### [Assigned task]
Please print every record below exactly as written, leaving out the pictures.

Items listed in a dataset

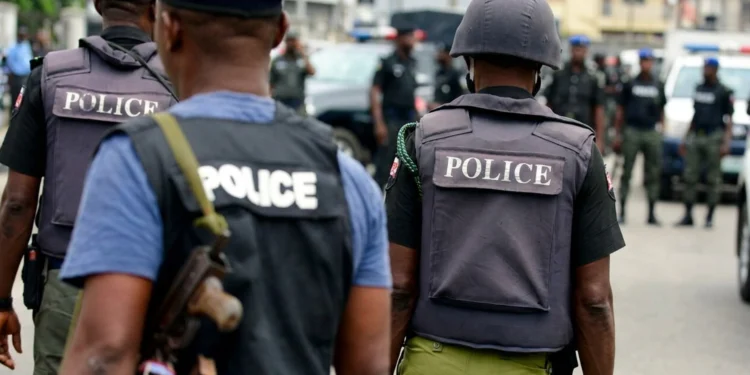 Nigerians Condemn Beating Of 2 Women For Alleged Theft After Video Surfaces Online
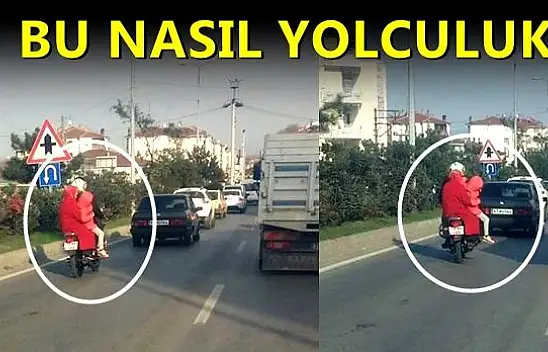 Can güvenliğini hiçe saydılar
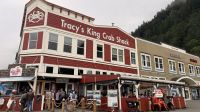 Tag 11, Juneau &ndash; &copy; Leon Prinz (Eberhardt TRAVEL)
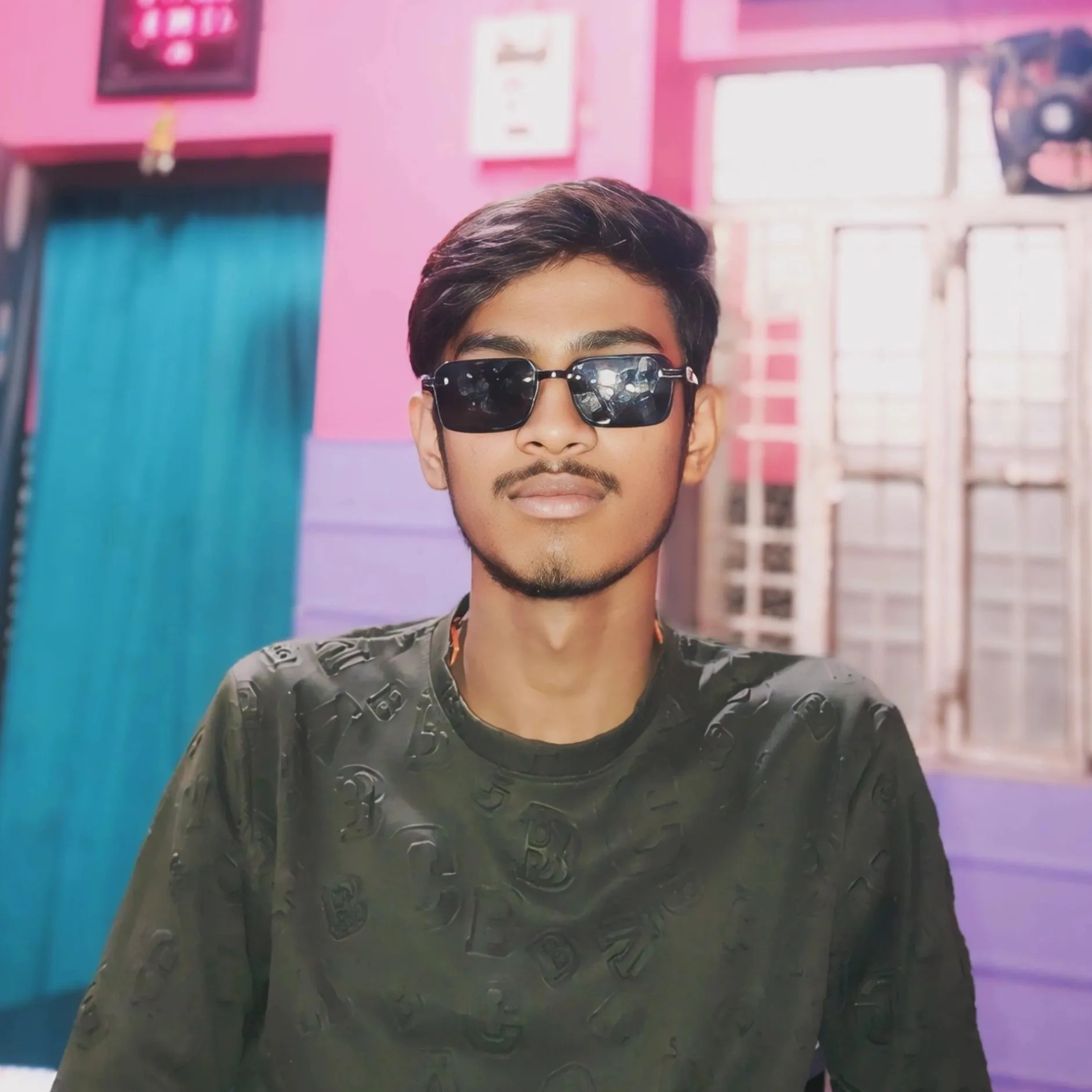 karan sah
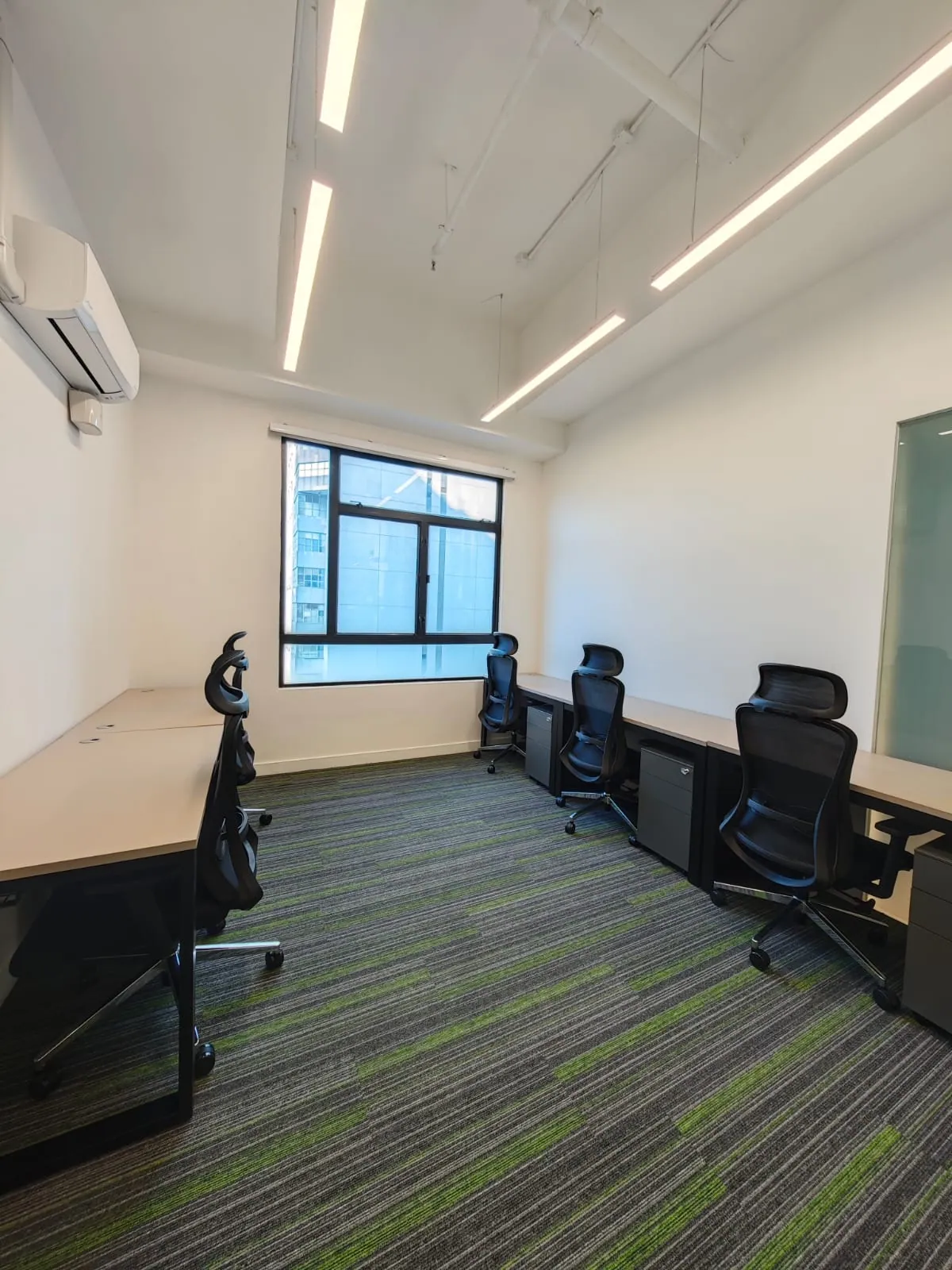 New Trade Plaza, Unit8 Space, Sha Tin, photo 5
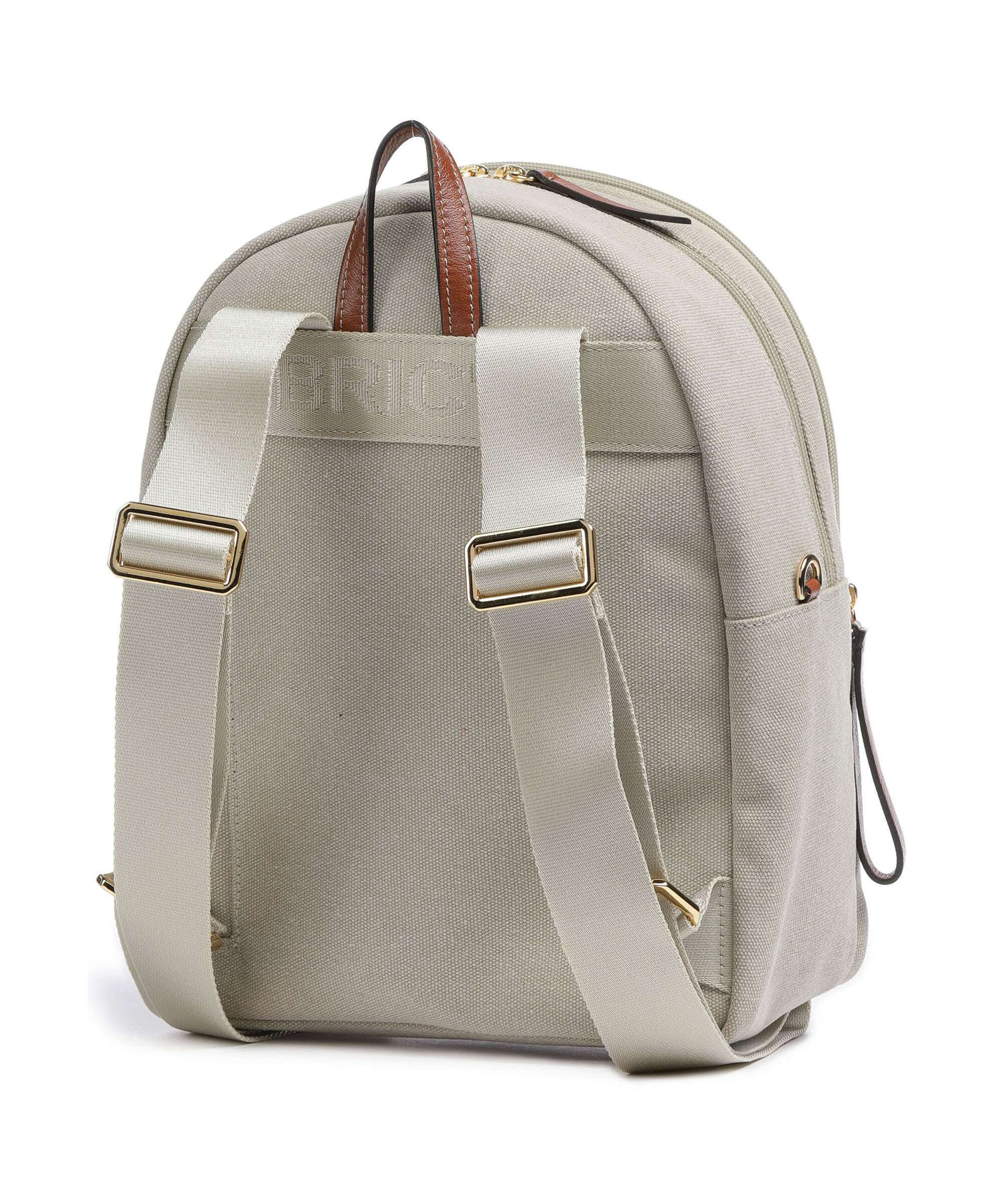 Brics Sorrento Rugzak beige - Image 2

### [Answer to the exercise]
 Nigerians Condemn Beating Of 2 Women For Alleged Theft After Video Surfaces Online
 Can güvenliğini hiçe saydılar
 Tag 11, Juneau &ndash; &copy; Leon Prinz (Eberhardt TRAVEL)
 karan sah
 New Trade Plaza, Unit8 Space, Sha Tin, photo 5
 Brics Sorrento Rugzak beige - Image 2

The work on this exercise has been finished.